I love concerts. There is something about the live music that draws you in and fills you with a wordless story. A litany of emotions evoked with each note and lyric become powerful when experienced live and in full form. Generally, this is a personal journey for me. I focus on the musician, the notes, the instruments and every detail their performance has to offer. But tonight, it all happened a little differently.

Strangers and little groups of friends filed into the club throughout the first act. A woman I’ve never heard of, and will likely never hear again, played fairly well on stage while the spectators milled in, shuffling past already filled tables and balancing overly full beer cups. An atmosphere of laid back familiarity settled into the bones of the crowd, almost imperceptible at first. As I look around, I notice unusual patterns amongst my fellow patrons.

Below me, I find that a group of 3 and a half couples seems to happily mix. I’m not sure which parts of the group belong to each other, as they don’t seem to be sure themselves. They are busy downing their Bud Light and taking photos of themselves with their phones. Even after the lead act begins, their own mini-drama plays out – featuring kissed cheeks, lost and found wedding rings, and increased difficulty navigating two steps towards the bar. To my right is an older couple, obviously in the newly dating, “butterflies” stage. She is clearly trying so hard. Her mini skirt and thigh high boots match her flirting and I wonder if my eyes are just deceived and this is a juvenile high school couple rather than late middle-aged. After finishing their beer, they purchase red bull after red bull. Up past the norm bed time, perhaps? I can scarcely consume one, but this couple went through more than four. Each. Behind me is a quiet couple, husband and wife. Wife is flattered when an older woman starts a conversation with them and says she thinks they’re both attractive and she would take them both to bed. Husband, not so much.

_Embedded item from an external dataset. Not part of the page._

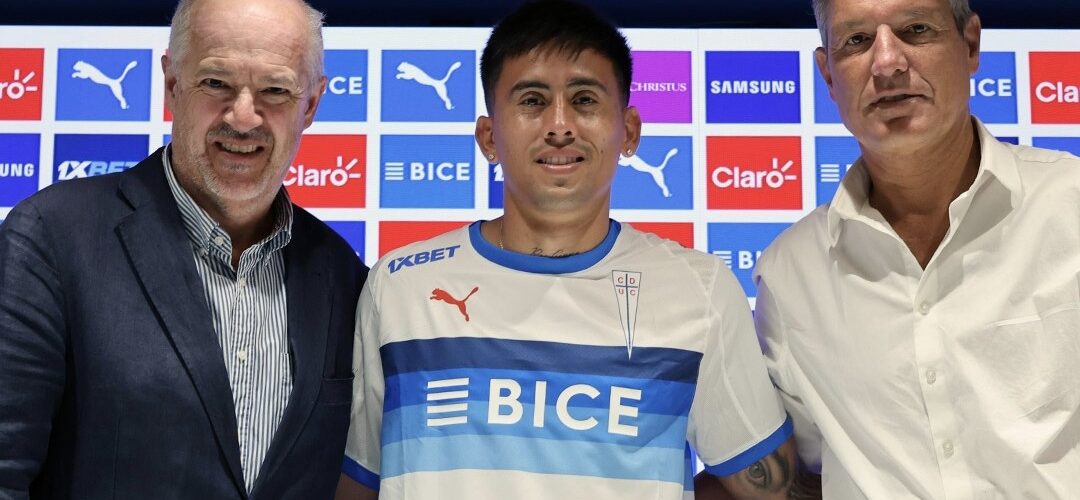 “Quiero dejar a Católica en lo más alto”: La ilusión de Matías Palavecino en su presentación en la UC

In front of me, leaning against one side of the steps, is a couple who had also preceded us in the entrance line. They greet us like we’re old friends they have stumbled upon, and for once I don’t mind the overt friendliness. They had finished the beers they brought on the train in the admission line, and now have new cups in hand. The friendly blond business man tells my brother and me that his wife is already blitzed, but they rarely get out because they run three businesses. So he continues to supply her with beer after beer throughout the concert. This is evidenced by the glaze in her eyes when she turns after the third song. Eventually she wandered into the sound booth, and conversed with the sound controller. Perhaps they bonded over the photos of three beautiful boys he has sitting on his sound board.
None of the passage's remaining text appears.